Operations 12 min read

Essential Linux Commands for Analyzing Web Server Logs

This guide compiles a series of practical Linux one‑liners—using awk, grep, sort, netstat, and related tools—to count unique IPs, rank page requests, filter bots, monitor connection states, and measure bandwidth, enabling quick forensic analysis of Apache or Nginx access logs.

Liangxu Linux
Liangxu Linux
Liangxu Linux
Essential Linux Commands for Analyzing Web Server Logs

Count unique visitor IPs

Extract the first field (IP) from the log, sort, deduplicate and count the lines:

awk '{print $1}' log_file | sort | uniq | wc -l

Count accesses to a specific page

Search for the page path and count matching lines:

grep "/index.php" log_file | wc -l

How many pages each IP visited

Aggregate by IP and output the number of requests per IP:

awk '{++S[$1]} END {for (a in S) print a, S[a]}' log_file > log.txt
sort -n -t ' ' -k2 log.txt

Sort IPs by request count (ascending)

awk '{++S[$1]} END {for (a in S) print S[a], a}' log_file | sort -n

List pages requested by a particular IP

grep ^111.111.111.111 log_file | awk '{print $1, $7}'

Exclude search‑engine crawlers

Keep only entries whose user‑agent starts with "Mozilla" and count unique URLs:

awk '{print $12,$1}' log_file | grep ^"Mozilla" | awk '{print $2}' | sort | uniq -c | wc -l

Count IPs during a specific hour

awk '{print $4,$1}' log_file | grep 16/Aug/2015:14 | awk '{print $2}' | sort | uniq | wc -l

Top 10 IPs by request volume

awk '{print $1}' log_file | sort | uniq -c | sort -nr | head -10

Find the 10 most requested URLs

cat log_file | awk '{print $11}' | sort | uniq -c | sort -nr | head -10

Identify the largest transferred files (by size field $10)
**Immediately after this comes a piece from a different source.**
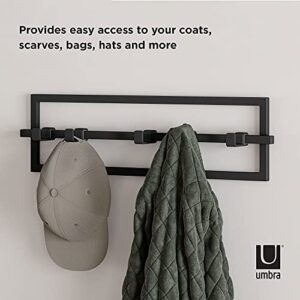 Umbra Cubiko Wall Mounted Modern, Sleek, Space-Saving Hanger with Retractable Hooks to Hang Coats, Scarves, Purses and More, 5, Black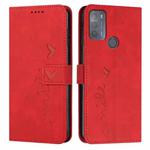 For Motorola Moto G50 Skin Feel Heart Pattern Leather Phone Case(Red)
cat www.access.log | awk '($7 ~ /.php/){print $10, $1, $4, $7}' | sort -nr | head -100

Pages whose transfer time exceeds 60 seconds

cat www.access.log | awk '($NF > 60 && $7 ~ /.php/){print $7}' | sort -n | uniq -c | sort -nr | head -100

Bandwidth usage (GB)

cat access.log | awk '{sum+=$10} END {print sum/1024/1024/1024}'

Count HTTP status codes

cat access.log | awk '{counts[$9]++} END {for (code in counts) print code, counts[code]}'

Current TCP connection states

Show the number of sockets in each state:

netstat -n | awk '/^tcp/ {++S[$NF]} END {for (a in S) print a, S[a]}'

Top IPs with ESTABLISHED connections on port 80

netstat -an | grep ESTABLISHED | wc -l

Find IPs with many TIME_WAIT sockets

netstat -n | grep TIME_WAIT | awk '{print $5}' | sort | uniq -c | sort -rn | head -20

Detect potential attackers (most frequent source IPs on port 80)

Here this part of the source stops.